Of all the lines below, output only those starting at the one with "Black Eagle Stainless" and ending at the one with "Sovesofa Columbus 237 (Velo 627)", both ends included, exactly as written.

------------------------

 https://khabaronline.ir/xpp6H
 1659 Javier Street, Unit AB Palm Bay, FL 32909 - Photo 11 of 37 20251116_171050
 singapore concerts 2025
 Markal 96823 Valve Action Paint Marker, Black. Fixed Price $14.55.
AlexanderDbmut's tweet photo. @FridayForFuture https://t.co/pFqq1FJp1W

------------------------

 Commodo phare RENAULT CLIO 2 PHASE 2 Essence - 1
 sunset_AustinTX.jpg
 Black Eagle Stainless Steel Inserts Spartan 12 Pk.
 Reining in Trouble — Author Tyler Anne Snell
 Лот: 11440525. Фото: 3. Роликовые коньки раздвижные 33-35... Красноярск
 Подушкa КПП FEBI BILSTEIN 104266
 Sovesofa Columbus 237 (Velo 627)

------------------------

◆ Exercise answer ◆
 Black Eagle Stainless Steel Inserts Spartan 12 Pk.
 Reining in Trouble — Author Tyler Anne Snell
 Лот: 11440525. Фото: 3. Роликовые коньки раздвижные 33-35... Красноярск
 Подушкa КПП FEBI BILSTEIN 104266
 Sovesofa Columbus 237 (Velo 627)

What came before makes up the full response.